"WILD GEESE" Runs Afowl of Famous "WILD TURKEY" Mark in TTAB 2(d) Opposition
Applicant Stichting Lodestar was a dead duck when Austin, Nichols opposed its application to register WILD GEESE for beer and alcoholic beverages, including whiskey. The Board found the mark likely to cause confusion with Opposer's mark WILD TURKEY registered (in word and design form) for various alcoholic beverages (including whiskey). Austin, Nichols & Co. v. Stichting Lodestar, Opposition No. 91155165 (January 17, 2006) [not citable].
After disposing of several evidentiary and procedural issues, the Board turned to its du Pont analysis, and specifically to the fifth factor: the fame of Opposer's mark. Based on Opposer's extensive sales, advertising, and media coverage, sixty years of use of the mark, and wide distribution of collateral merchandise, the Board deemed WILD TURKEY to be a famous mark entitled to a broad scope of protection.

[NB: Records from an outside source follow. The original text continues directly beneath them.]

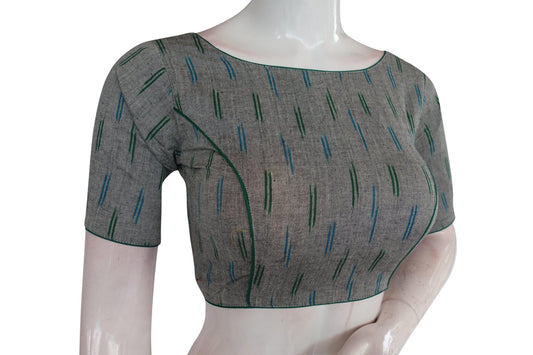 Grey Ikkat Boat Neck Saree Blouses: Designer Indian Readymade Collection - D3blouses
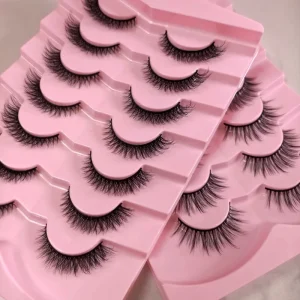 7 Pairs Per Tray New Product Strip False Eyelashes Lash Fluffy Eyelash Vendor Bulk 3d Faux Mink Lashes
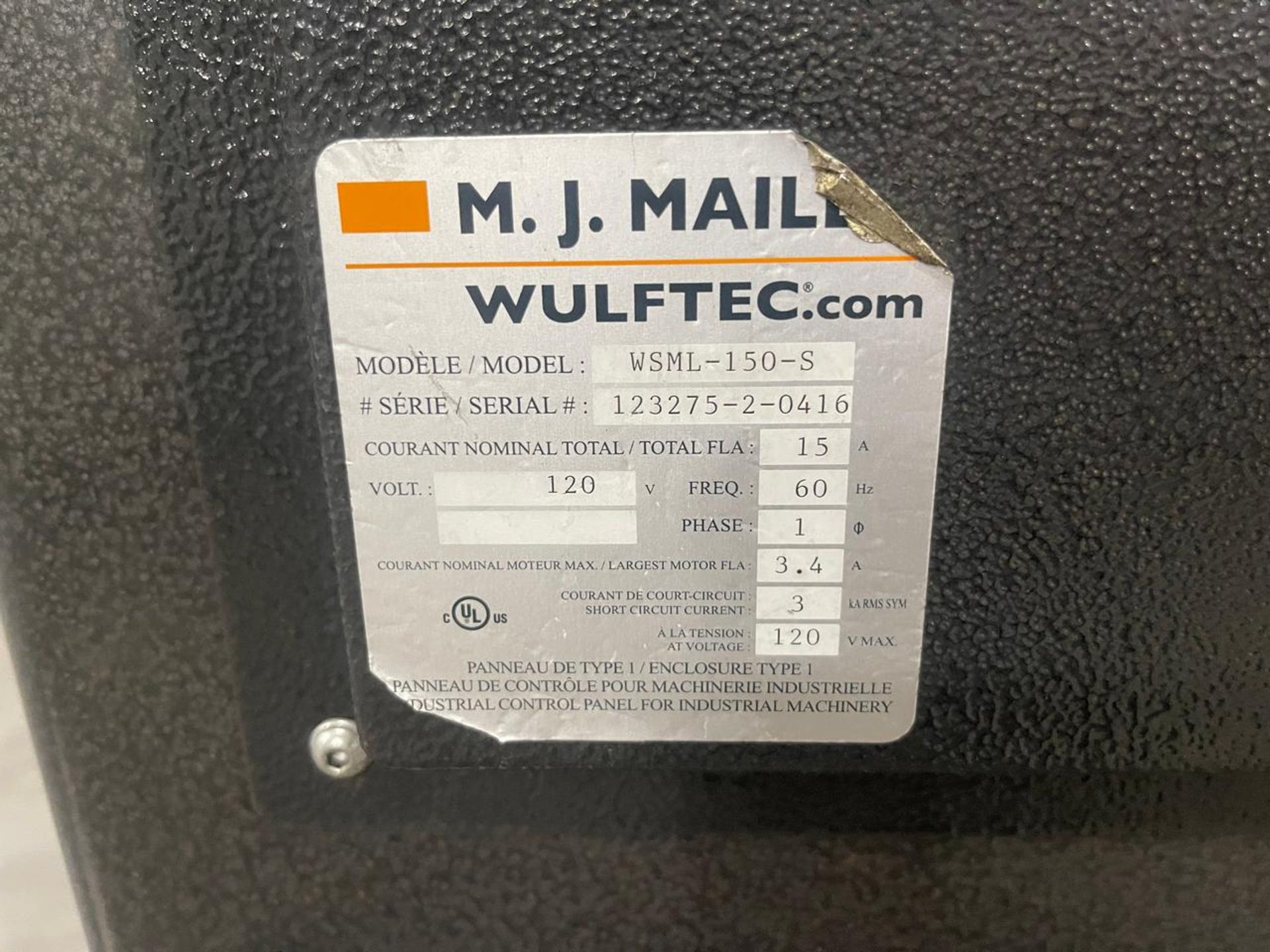 M.J. MAILLIS WULFTEC SML-150-S PALLET WRAPPER - Image 3 of 6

Turning to the second, third, and fourth du Pont factors, the Board found Applicant's beer and other alcoholic products to be related or identical to Opposer's goods. Given the absence of any restrictions on channels of trade, the Board presumed that the goods travel in the same trade channels to the same classes of purchasers (and the record showed that the goods do in fact travel in the same channels). As to the sophistication of customers, the Board concluded that the parties' goods would be purchased by ordinary consumers without a great deal of care. [TTABlog note: after consumption of the goods, the purchasers would care even less].
Finally, as to the first du Pont factor, the Board found that, given the broad scope of protection to be accorded Opposer's mark, the similarities in the marks outweigh their differences. "[D]espite the difference[s] ... the commercial impression and general connotation of wild game birds, creates a confusingly similar mark."
Applicant argued that the term WILD is weak in view of "numerous third-party registrations and uses of the word WILD in connection with various alcoholic and non-alcoholic beverages." It also contended that TURKEY should be accorded narrow protection in view of the "numerous registrations and uses of bird names" in connection with the involved goods. However, the Board found that those third-party uses and registrations (for, e.g., DR. WILD, WILD RIVER, THE WILD BUNCH, WILD THING) did not show that the term WILD has some "ordinary significance" in the field of beverages. The third-party registrations and uses of bird names "have even less probative value," because "they present a variety of names, do not point to ordinary usage of a particular term, and do not show that the words in issue here, TURKEY and GEESE, are so widely used that consumers are able 'to discern between several competing products having similar, but not identical, product names and bird images.'"
Noting that any doubt on the 2(d) issue must be resolved in favor of the prior registrant, the Board sustained the opposition.